My 70-year-old father has asked his 40-year-old girlfriend to marry him. This will be his fourth marriage. They have been dating for a year, and she says she wants to have two or three children with him.
My sisters and I are not happy at all. Our father was a horrible father when we were growing up. To say he doesn't like children is putting it mildly. Also, we feel he would be incredibly selfish and irresponsible to consider bringing a baby into this world at his age when he may not be around long enough to take care of the child.
Do my sisters and I have a right to be upset about this? How would you suggest we handle this? -- DISGUSTED DAUGHTERS IN TEXAS
DEAR DISGUSTED DAUGHTERS:
I'm very confused by this letter. In fact, it's driven me to drink. Which will make my response much more interesting, though probably just as incoherent.
Does your dad have kids from Wives #2 and #3 in addition to your mom, or are you the by-product of 2 or 3? Do you even know who your mother is? Have you ever read the book, "Are You My Mother?" by P.D. Eastman? You may find it very illuminating. Perhaps you and/or your sisters were conceived during that brief period in the late 1970s when your father was married to that power shovel.
All that said, I suppose I ought to answer your pathetic, rhetorical question, "Do my sisters and I have a right to be upset about this?" The answer is, "No. You have no rights. Submit to my will, or I will break you. I dominate all who come forth to challenge my omnipotence. My seed is to you like liquid amethyst. Drink of it, verily, ye maid of alabastar knees and wanton thigh-flower."

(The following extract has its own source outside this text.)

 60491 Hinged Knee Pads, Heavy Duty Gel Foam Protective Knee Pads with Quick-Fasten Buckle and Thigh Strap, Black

Code-4. Suspect in custody. Once, I bought a Bill Cosby sweater. I need to stop drinking now.
Or do it a LOT more.
I have been married to my wife almost 40 years. I love her dearly and she says she loves me, but when I want to hold her, she tenses up like I'm a rapist. When I kiss her longer than a nano-second, she makes noises that sound as though I have a pillow over her face. We haven't slept in the same bed in so long I can't remember what it's like. When I try to talk to her about it, she ignores me. How can I get her to realize how much I hurt? -- LONELY AND HURT IN MIDDLE GRANVILLE, N.Y.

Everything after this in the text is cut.